Image-caption web data:
....

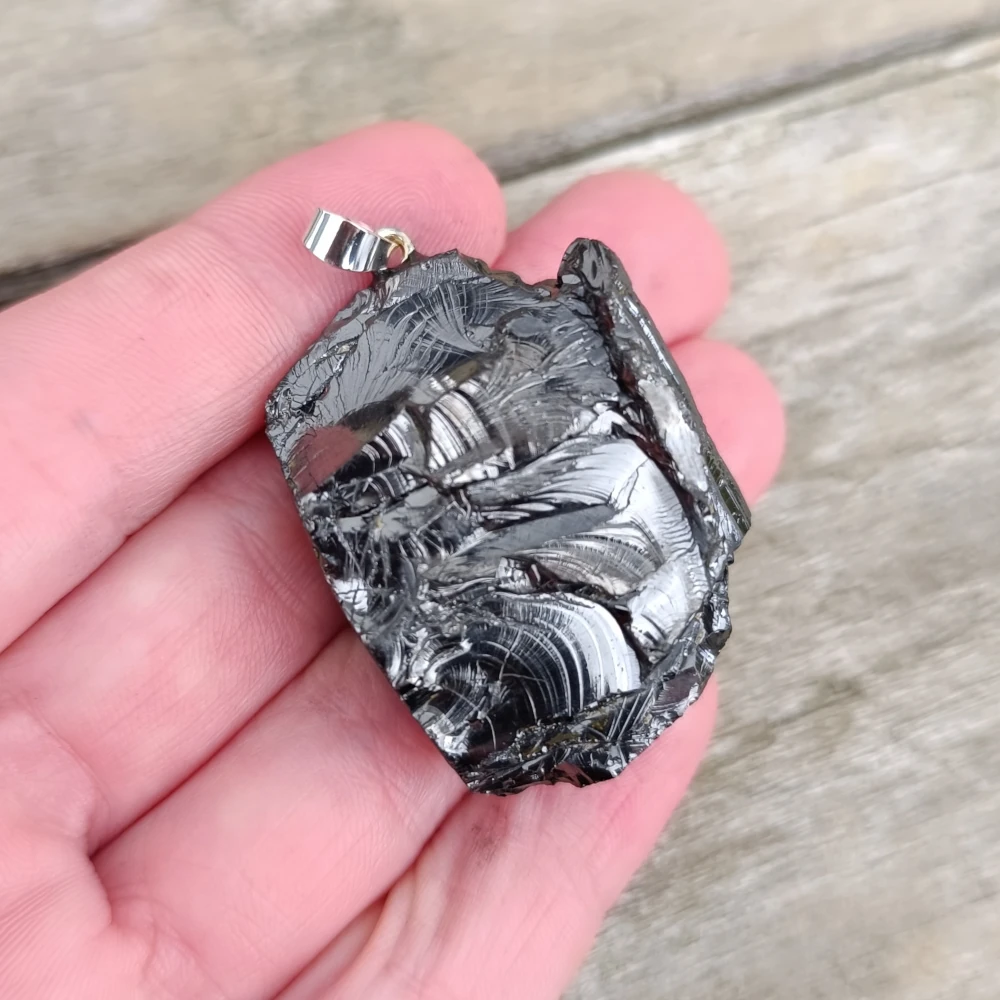 Edel-Schungit Halsanhänger, dunkelgrau, metallisch glänzend, kompakte Form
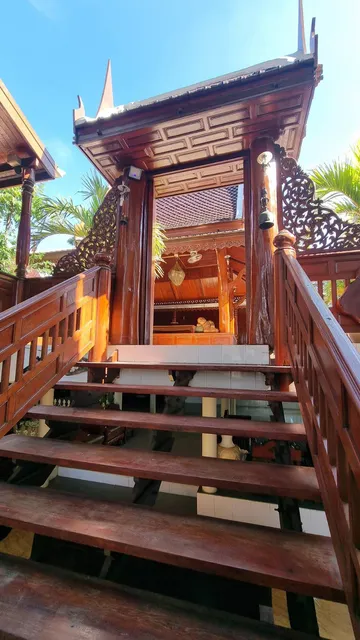 Ayutthaya Teak Home Hotel & Restaurant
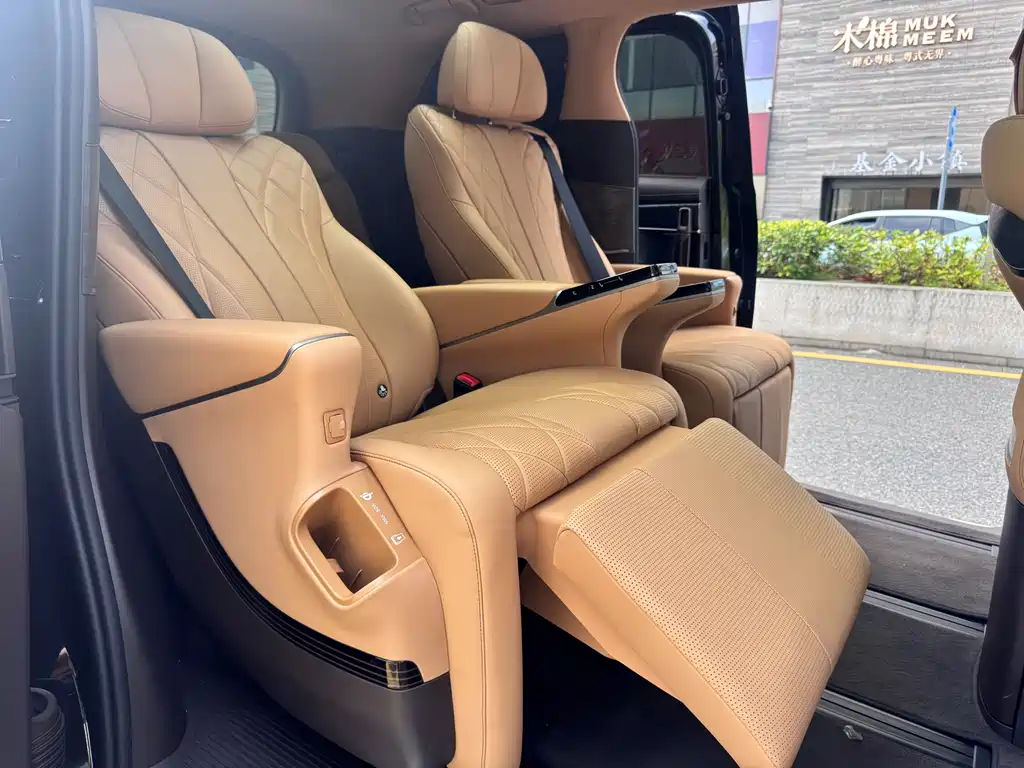 Denza DENZA D9 2025 DM-i Intelligent Driving Edition 1020 AWD Premium 2025 - thumbnail 28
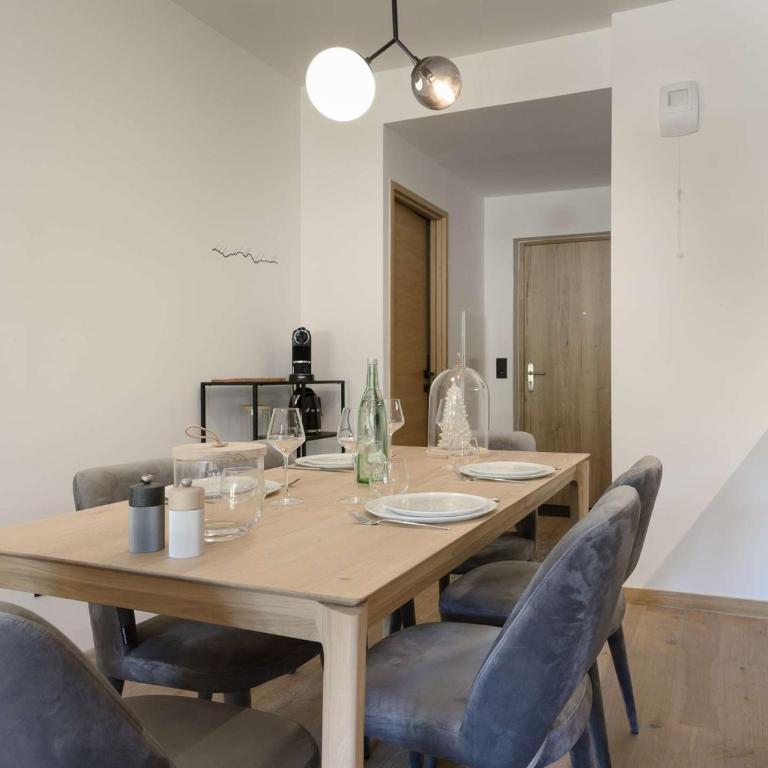 Appartement moderne 46 m², 4 pers, Courchevel Moriond, skis aux pieds, balcon, parking, wifi, ascenseur - FR-1-631-170 - Apartamento - 5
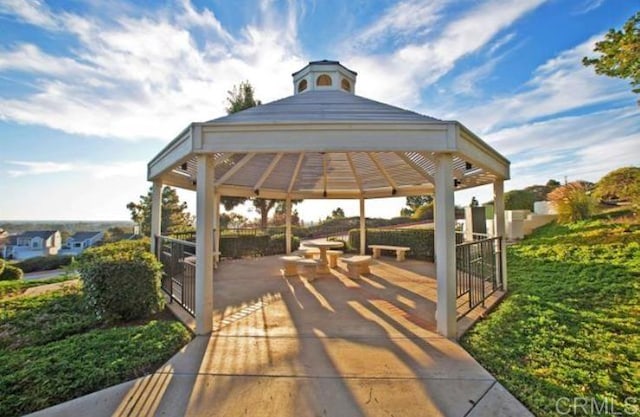 11033 Scripps Ranch Blvd, San Diego, CA 92131 - surrounding community featuring a gazebo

....

TASK STATEMENT: All that is wanted is the lines above between the one containing "Ayutthaya Teak Home Hotel & Restaurant" and the one containing "Appartement moderne 46", inclusive, restated word for word, with pictures omitted.

ANSWER AREA:
 Ayutthaya Teak Home Hotel & Restaurant
 Denza DENZA D9 2025 DM-i Intelligent Driving Edition 1020 AWD Premium 2025 - thumbnail 28
 Appartement moderne 46 m², 4 pers, Courchevel Moriond, skis aux pieds, balcon, parking, wifi, ascenseur - FR-1-631-170 - Apartamento - 5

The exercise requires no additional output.